## Supplied material
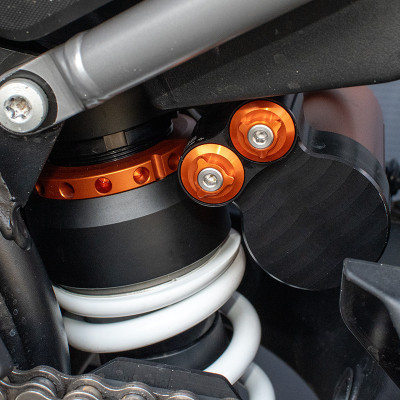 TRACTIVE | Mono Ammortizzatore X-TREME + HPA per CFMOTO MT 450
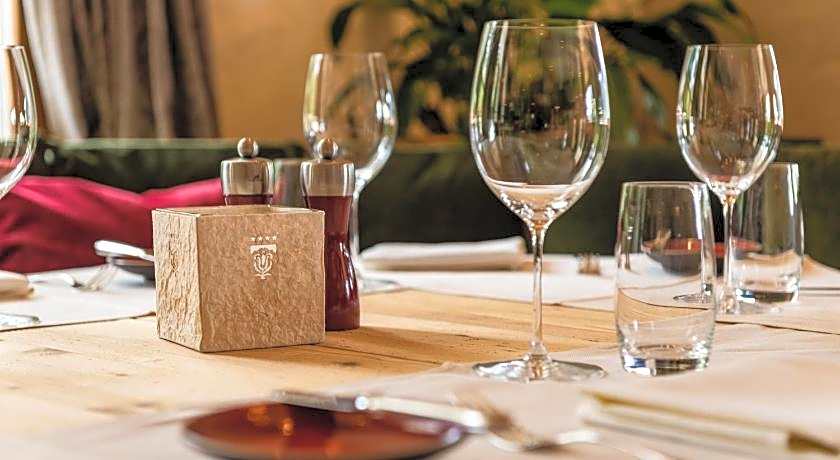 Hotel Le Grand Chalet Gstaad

--

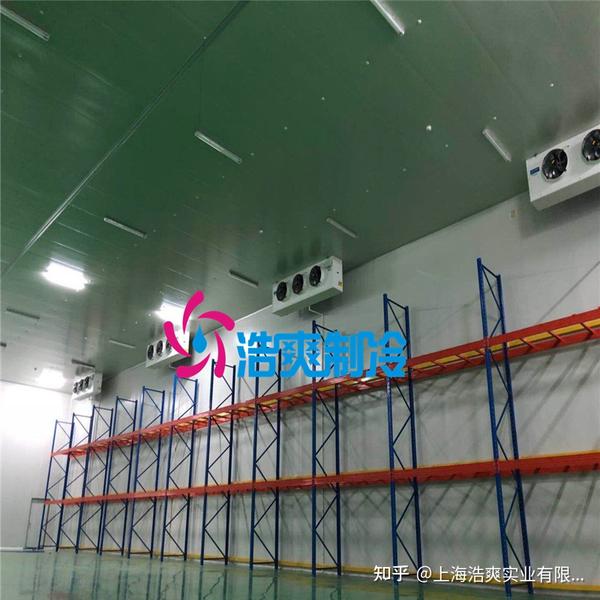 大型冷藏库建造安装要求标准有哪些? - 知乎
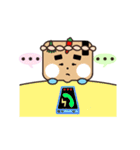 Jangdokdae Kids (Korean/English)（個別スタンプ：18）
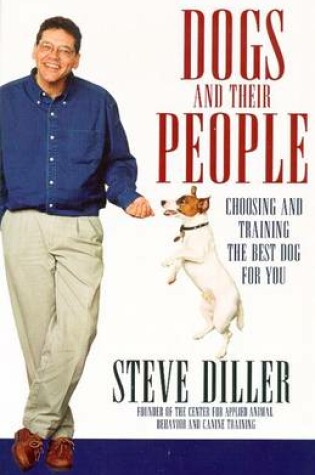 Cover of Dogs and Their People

## Required action
A clean copy is needed of the lines in the listing above from the one with "TRACTIVE | Mono" through the one with "Hotel Le Grand Chalet Gstaad", exact in every word and free of pictures.

## Solution to this exercise
 TRACTIVE | Mono Ammortizzatore X-TREME + HPA per CFMOTO MT 450
 Hotel Le Grand Chalet Gstaad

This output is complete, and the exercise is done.